Task goal ▸ Each and every line below goes into your answer unchanged, but leave out the images.
---------- Supplied data ----------
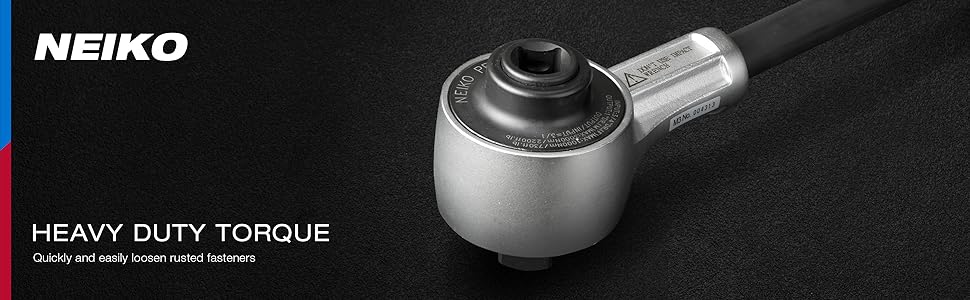 torque multiplier wrench heavy duty 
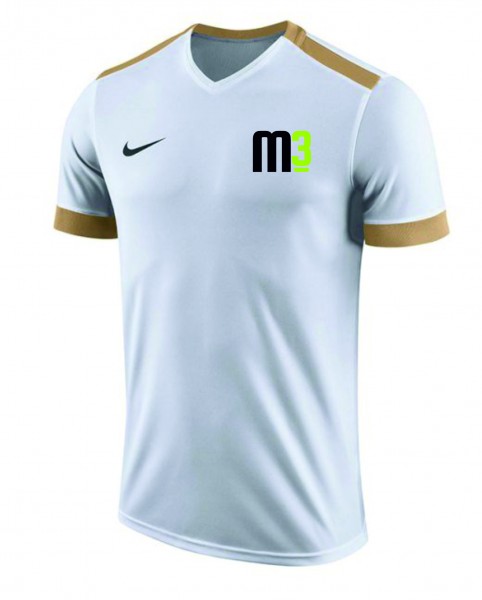 Nike M3 Trikot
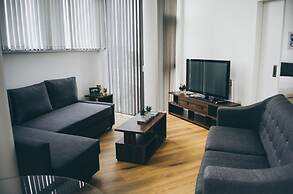 Kent Street - Apt 17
----------
Answer for this exercise ▸
 torque multiplier wrench heavy duty 
 Nike M3 Trikot
 Kent Street - Apt 17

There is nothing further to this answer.